A century ago, in a short story entitled “Tres días en el bosque” (Three Days in the Forest), José Santos Machicado commented: “It would be unimaginable for the Toromonas to abstain from the shrieks and cries that are their custom when they capture a prey or surprise the enemy, and for these cries not to reach the town from such a short distance.” (1) The density of images conveyed by this paragraph paint a portrait of the mentality of the era, when positivist thinking prevailed, Winchester rifles were always within reach, and unbridled ambition in pursuit of wealth shook the Amazon rainforest: these were the years of the capitalist boom fuelled by rubber tapping (1880-1914).

There is a whole romantic and idealistic vision of this very dramatic and yet little explored period of modern history that left its mark on the forested regions of numerous South American countries.

Although rubber tapping may have had a demonstrable influence on the territorial integration of the nascent nation-states lying along the backbone of the Andes – while also precipitating, by contrast, the consolidation of the Brazilian colossus – this cannot and should not overshadow the enormous and terrible social cost that this economic activity brought with it.
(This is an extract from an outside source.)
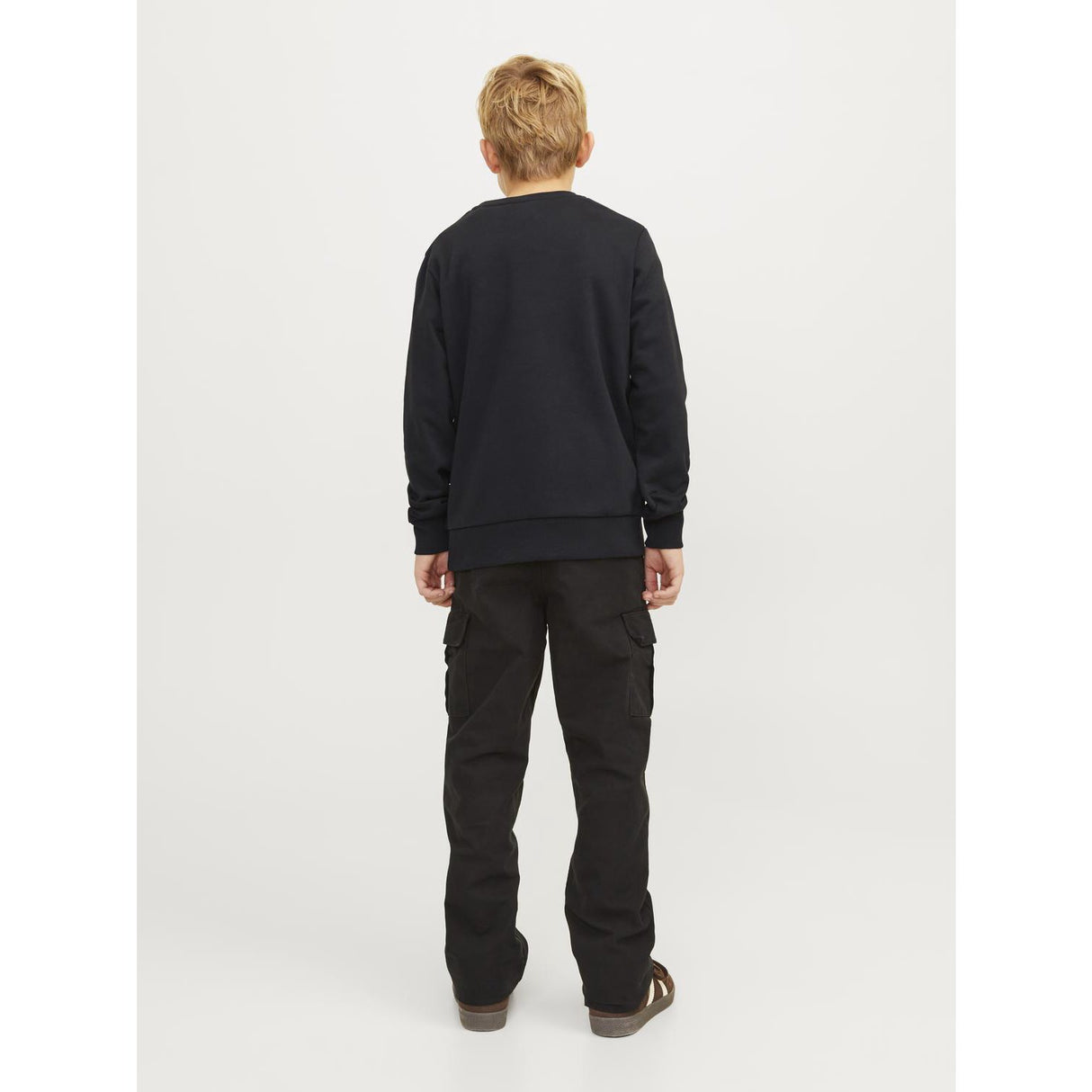 Jack & Jones Junior Black caleb Varsity Sweatshirt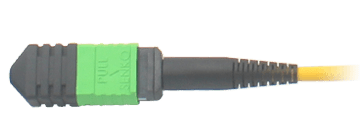MPO to 4xLC Uniboot 8Cores Single Mode OS2 9/125um LSZH Yellow Breakout Fiber Optic Cable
In defence of the dignity of the survivors and their current heirs and in tribute to the memory of those who were massacred through violent actions or essentially worked to death through the hard labour to which they were subjected and condemned, it should be clearly stated that what took place in the continental Amazon in the late 19th century and early 20th century was, plainly and simply, a genocide.

The immortalization of these “pioneers” and “industrialists” in the names of provinces and towns, banknotes and monuments is nothing other than testimony to a grave historic omission: that of the full recognition of the Amazon cultures that originally inhabited these territories and the revision of this reading of the past which is merely a perpetuation of the injustices suffered. In the continental Amazon – where the economy continues to be based on feudal or trading-post models, to a large extent – a shameful internal colonialism is maintained by oligarchic and/or business groups.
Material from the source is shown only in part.